Our most dangerous rollout hazard was MySQL’s underlying behavior: inserting a row with a higher ID instantly fast-forwards the table’s auto-increment counter. If our Generator leaped ahead of MySQL’s sequence, the database would silently ‘catch up,’ practically guaranteeing catastrophic ID collisions between the monolith and the new service.

To fix this, we created a 5-billion ID safe zone:

  1. We manually set the MySQL AUTO_INCREMENT counter 5 billion ahead of the current max.
  2. We configured the ID Generator to fill the gap strictly below this new ceiling.

Because the new IDs were smaller than the database’s high-water mark, MySQL never moved its pointer. This allowed us to safely fill the gap while we gradually ramped up traffic from 1% to 100%, monitoring latency and consumption rates until the monolith was officially retired.

 

If You Were Starting Today…

If you are reading this and starting a new architecture from scratch, don’t do what we did.

Unless you have a strict legacy constraint, as we did, UUIDs are the superior choice.
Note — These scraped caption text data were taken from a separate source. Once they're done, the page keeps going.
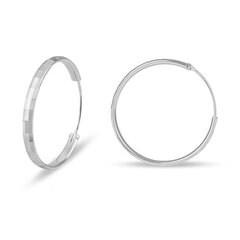 JVD Серебряные серьги кольца SVLE0207XD500 sJV0649-6 цена и информация | Серьги | pigu.lt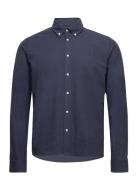 Desert Reg Shirt Tops Shirts Casual Navy Les Deux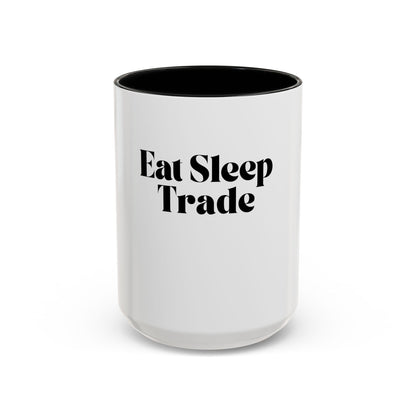 “Eat Sleep Trade” Coffee Mug – Funny Gift for Day Traders, Investors & Finance Lovers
They allow you to generate IDs completely offline without a central coordinator or single point of failure.

Specifically, look into UUIDv7.

Standard UUIDs (v4) are completely random. This is great for uniqueness, but terrible for database performance because inserting random keys causes index fragmentation.

UUIDv7 solves this by embedding a timestamp into the UUID. This makes them:

  1. Sortable: You can order them by time, just like an integer.
  2. Database Friendly: They are sequentially close to each other, which keeps B-Tree indexes happy and performant.

But, if you are stuck with integers and need to scale, a buffered, DynamoDB-backed generator is a battle-tested way to break free from the monolith.